2. Why do economists (or other people) study or use econometrics?
--
__One simple answer:__ Learn about the world using data.
--
- _Learn about the world_ = Raise, answer, and challenge questions, theories, assumptions.
- _data_ = Plural of datum.
---
# Why?
## Example
GPA is an output from endowments (ability) and hours studied (inputs). So, one might hypothesize a model
$\text{GPA}=f(H, \text{SAT}, \text{PCT})$
where $H$ is hours studied, $\text{SAT}$ is SAT score and $\text{PCT}$ is the percentage of classes an individual attended. We expect that GPA will rise with each of these variables ( $H$, $\text{SAT}$, and $\text{PCT}$).

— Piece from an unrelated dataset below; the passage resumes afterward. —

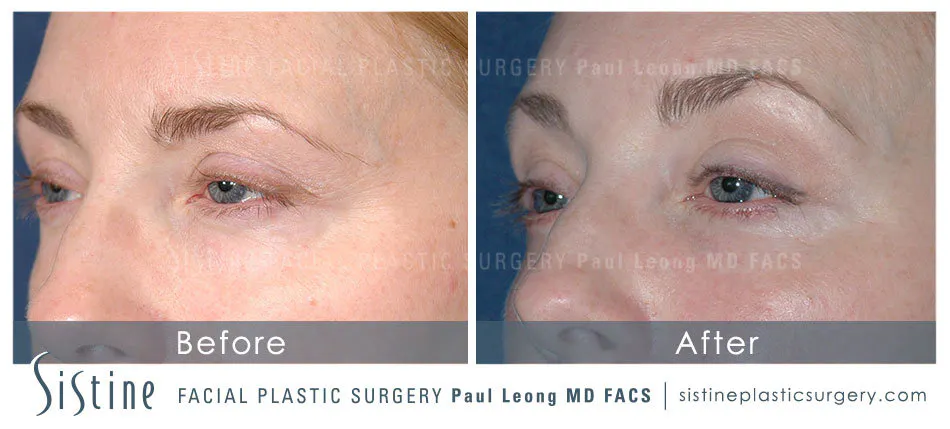 Browlift Before and After | Leong Facial Plastic Surgery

But who needs to _expect_?
We can test these hypotheses __using a regression model__.
---
layout: true
# Why?
## Example, cont.
__Regression model:__
$$ \text{GPA}_i = \beta_0 + \beta_1 H_i + \beta_2 \text{SAT}_i + \beta_3 \text{PCT}_i + \varepsilon_i$$
---
We want to test estimate/test the relationship $\text{GPA}=f(H, \text{SAT}, \text{PCT})$.
---
### (Review) Questions
--
- __Q:__ How do we interpret $\beta_1$?
--
- __A:__ An additional hour in class correlates with a $\beta_1$ unit increase in an individual's GPA.
--
- __Q:__ Are the $\beta_k$ terms population parameters or sample statistics?
--
- __A:__ Greek letters denote __population parameters__. Their estimates get hats, _e.g._, $\hat{\beta}_k$
--
- __Q:__ Can we interpret the estimates for $\beta_2$ as causal?
--
- __A:__ Not without making more assumptions and/or knowing more about the data-generating process.
---
### (Review) Questions
- __Q:__ What is $\varepsilon_i$?
--
- __A:__ An individual's random deviation/disturbance from the population parameters.
--
- __Q:__ What are some of the assumptions imposed by the regression model above?
--
- __A:__
- The relationship between the GPA and the explanatory variables is linear in parameters, and $\varepsilon$ enters additively.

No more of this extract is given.